• **Your assignment**
Among the records below, find the line that has "Lampu Depan Kijang"; from there, give the lines again exactly, and stop after the line that has "Intel Server Chassis".

• **Raw data**
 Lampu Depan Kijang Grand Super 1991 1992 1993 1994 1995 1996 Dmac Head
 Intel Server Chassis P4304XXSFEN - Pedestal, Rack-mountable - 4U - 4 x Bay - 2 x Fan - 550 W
* * *
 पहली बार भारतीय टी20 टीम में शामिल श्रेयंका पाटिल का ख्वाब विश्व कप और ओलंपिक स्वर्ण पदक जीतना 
--
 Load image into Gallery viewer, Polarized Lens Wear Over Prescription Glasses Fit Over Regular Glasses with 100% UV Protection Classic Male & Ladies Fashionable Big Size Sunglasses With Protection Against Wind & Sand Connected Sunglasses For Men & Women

• **Response area**
 Lampu Depan Kijang Grand Super 1991 1992 1993 1994 1995 1996 Dmac Head
 Intel Server Chassis P4304XXSFEN - Pedestal, Rack-mountable - 4U - 4 x Bay - 2 x Fan - 550 W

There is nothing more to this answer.